Instruction for the entries below: return the part that opens with the line containing "Imagen de archivo" and closes with the line containing "MONITOR LED DELL", exactly, and no pictures.

──────── RECORDS TO PROCESS ────────

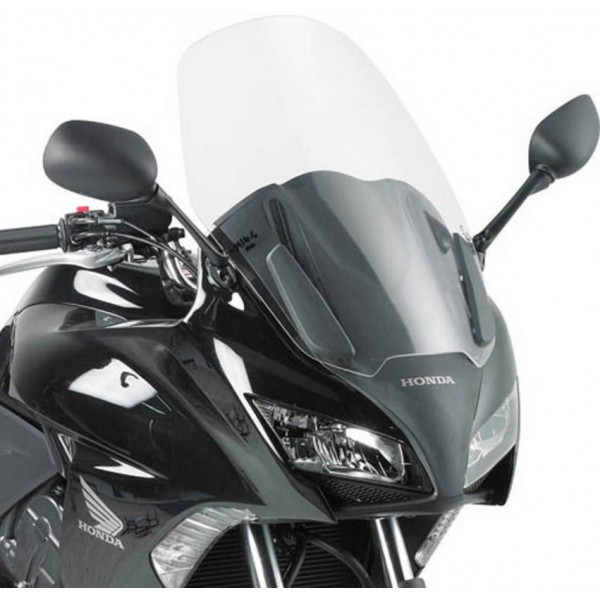 GIVI Ζελατίνα D320ST Honda CBF1000/1000ST ΖΕΛΑΤΙΝΕΣ & ΚΙΤ ΤΟΠΟΘΕΤΗΣΗΣ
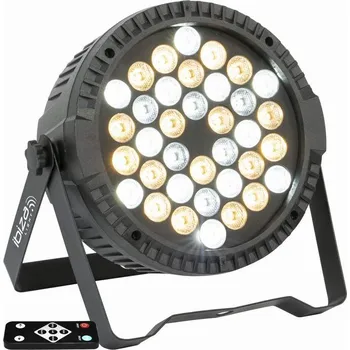 Osvětlovací technika THINPAR-36X1WHITE IBIZA Light LED světlo bílé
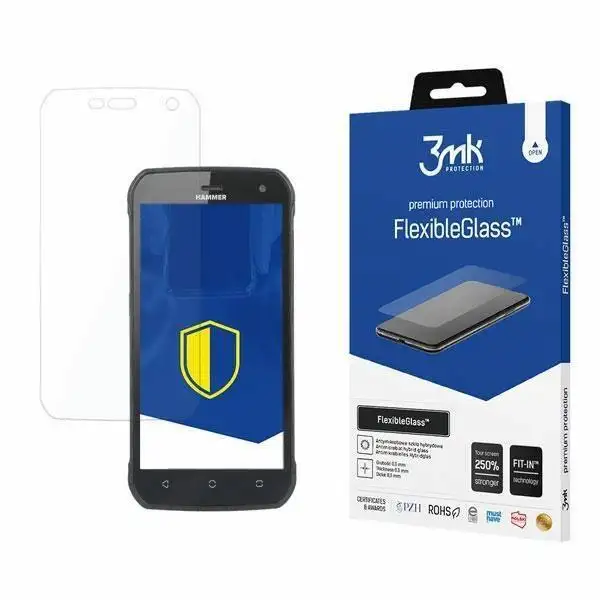 Vetro ibrido 3MK MyPhone Hammer Blade - FlexibeGlass™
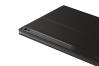 0000146738 BOOK COVER KEYBOARD -AI KEY TAB S10 FE+ BLACK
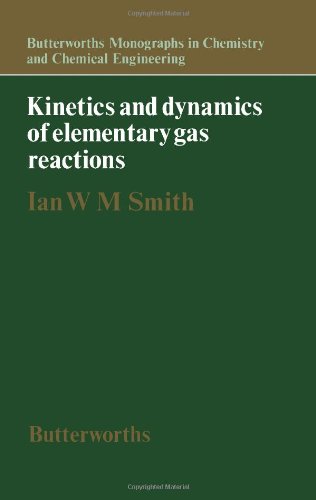 Imagen de archivo de Kinetics and dynamics of elementary gas reactions (Butterworths monographs in chemistry and chemical engineering) a la venta por ThriftBooks-Dallas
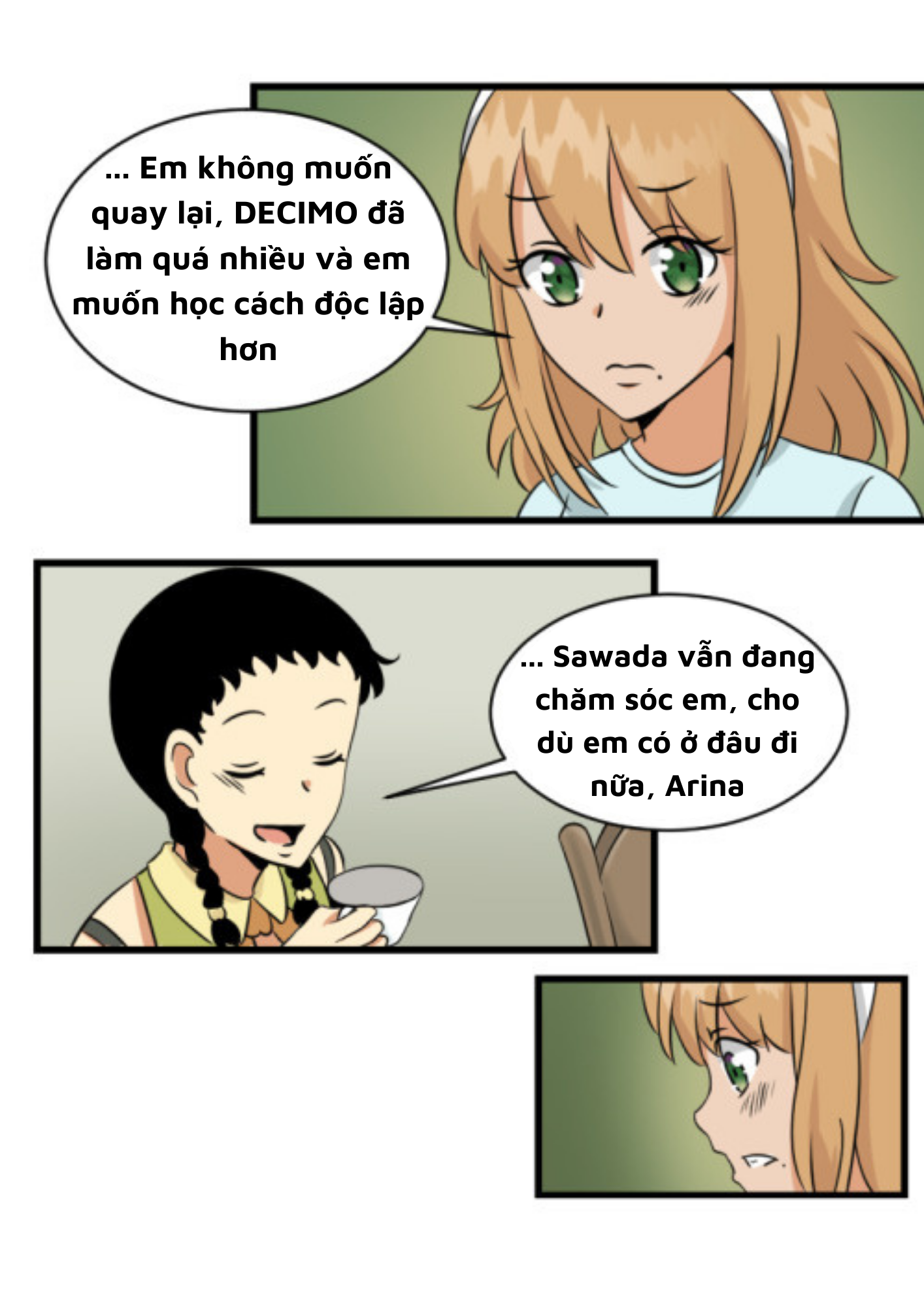 the melody of vongola chapter 1 11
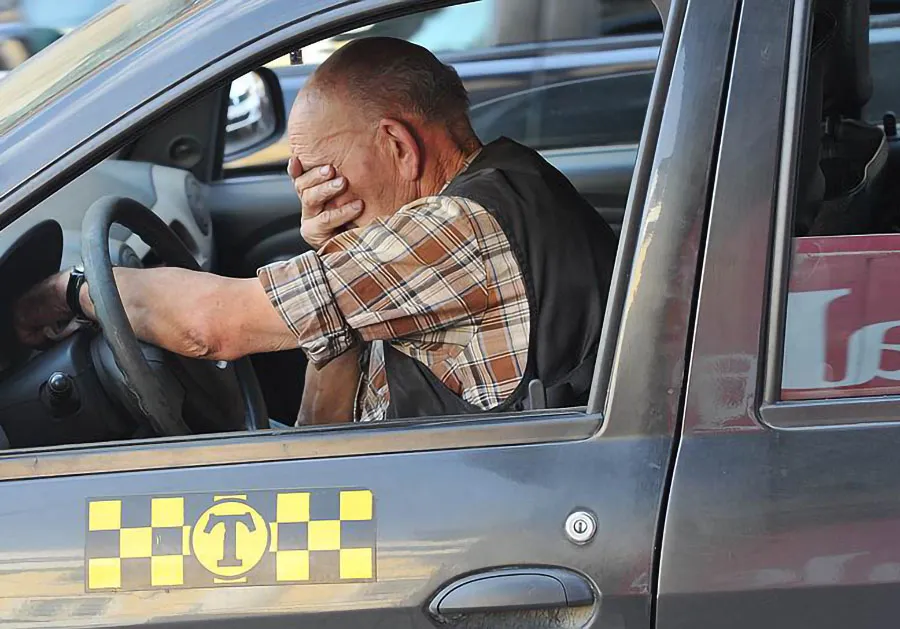 «Fake Taxi», или как в Севастополе обокрали клиента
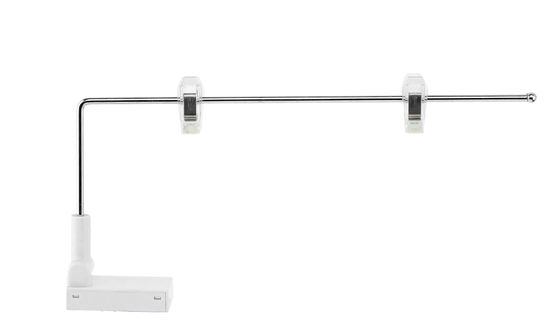 Kim loại Cờ Cực Magnetic Đăng Holders, Pop Kệ hiển thị cho siêu thị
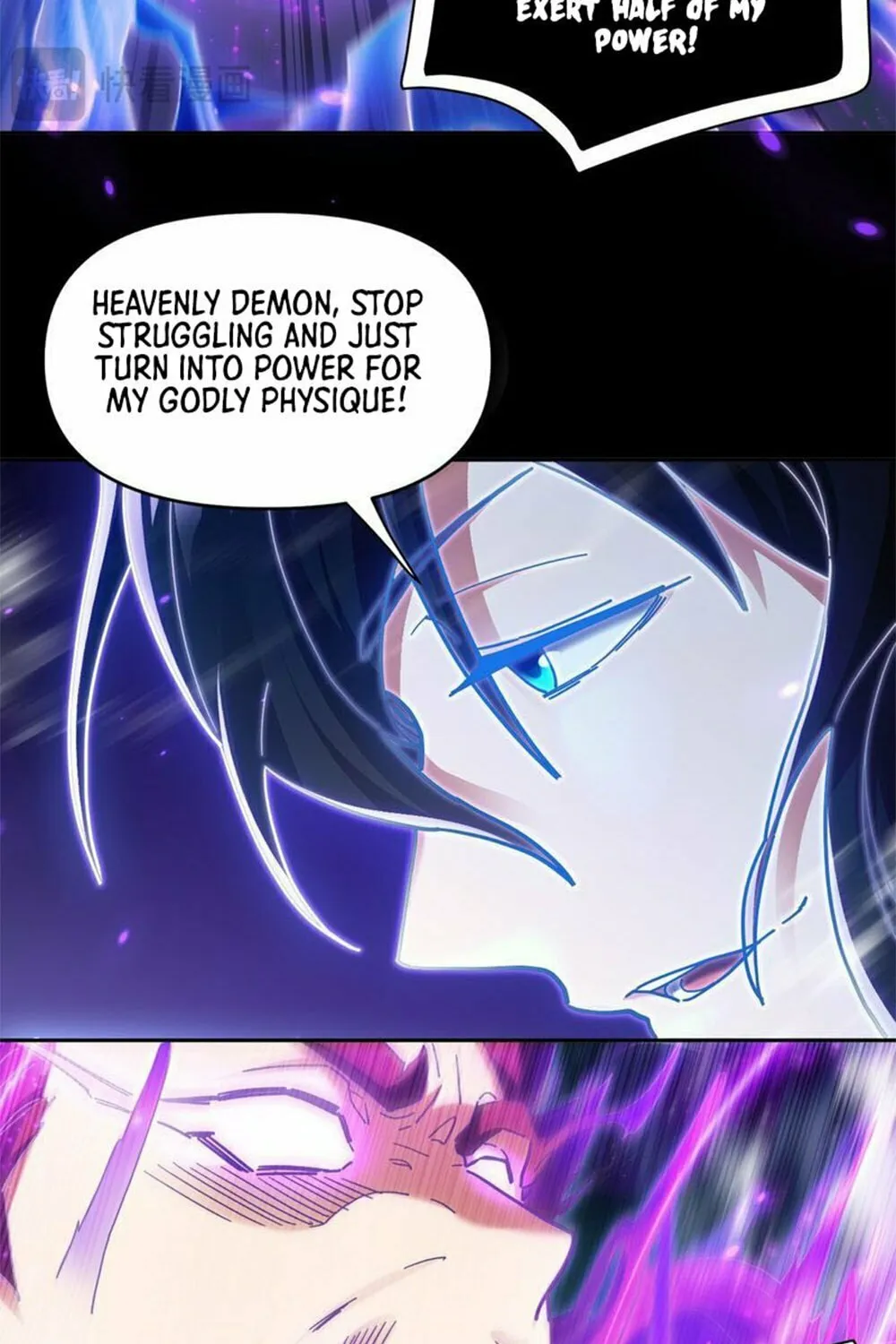 Read Invincible After Shocking My Empress Wife Manga Online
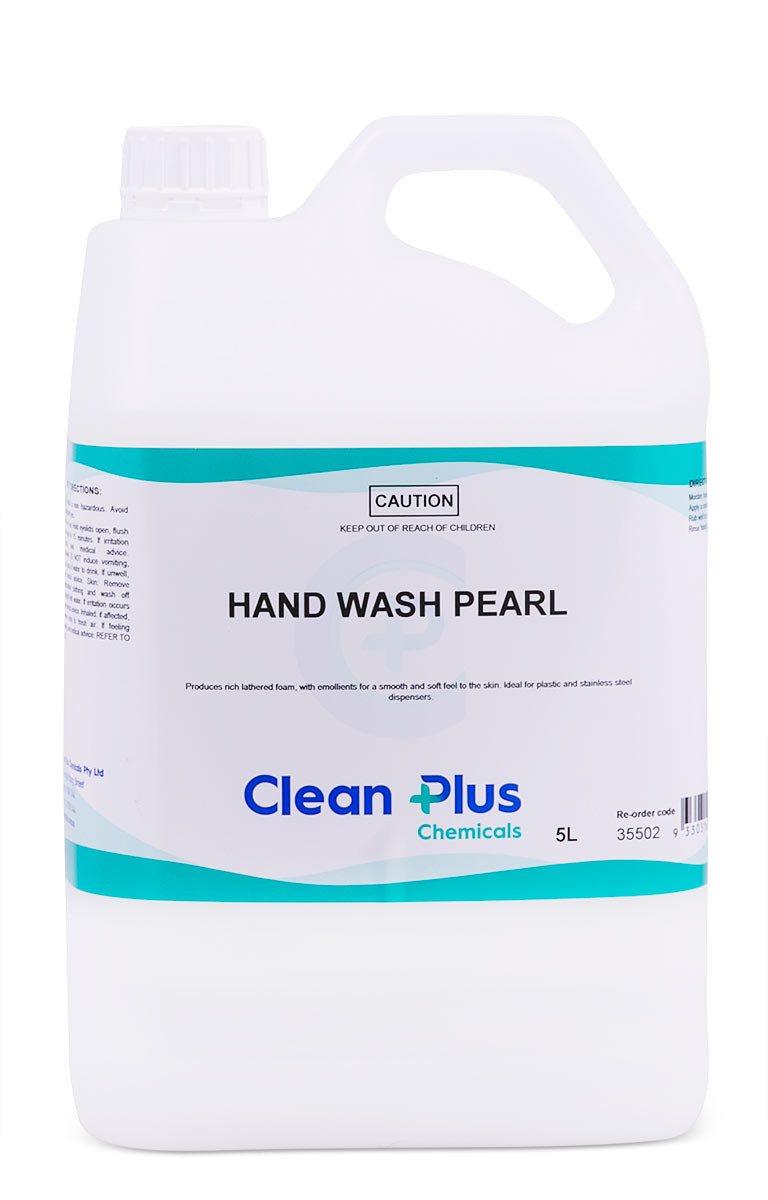 Soap Liquid Pearl (White) 20 Litre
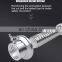 TEZEWA Direct Factory Sale Professional Stainless Steel Power Training Barbell Curl Bar Set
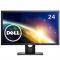 MONITOR LED DELL E2417H 23.8 PULGADAS / FULLHD 1920X1080 / 60 HZ / VGA / DISPLAY PORT / CABLE DISPLAY PORT JGD2D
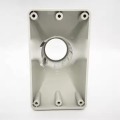 Customized Plastic Injection Molding Shell for EV Charger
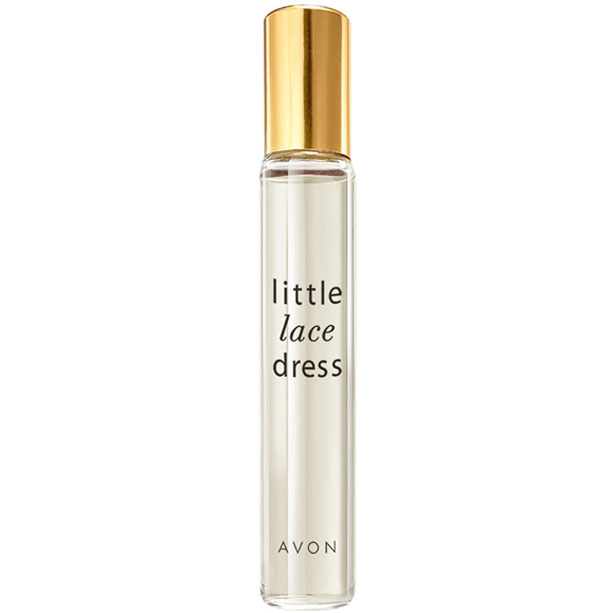 OS - Mini-apa de parfum Little Lace Dress - 10 ml - Catalog Avon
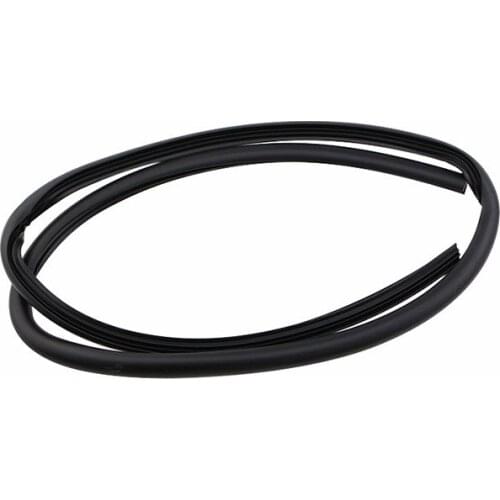 1.6M Car Dust Proof Anti- Noise Sealing Strips Sound Insulation Windshield Seal Strip Trim for Ford Focus 2 3 4 Ecosport Fiesta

────────

■ TASK RESPONSE
 Imagen de archivo de Kinetics and dynamics of elementary gas reactions (Butterworths monographs in chemistry and chemical engineering) a la venta por ThriftBooks-Dallas
 the melody of vongola chapter 1 11
 «Fake Taxi», или как в Севастополе обокрали клиента
 Kim loại Cờ Cực Magnetic Đăng Holders, Pop Kệ hiển thị cho siêu thị
 Read Invincible After Shocking My Empress Wife Manga Online
 Soap Liquid Pearl (White) 20 Litre
 TEZEWA Direct Factory Sale Professional Stainless Steel Power Training Barbell Curl Bar Set
 MONITOR LED DELL E2417H 23.8 PULGADAS / FULLHD 1920X1080 / 60 HZ / VGA / DISPLAY PORT / CABLE DISPLAY PORT JGD2D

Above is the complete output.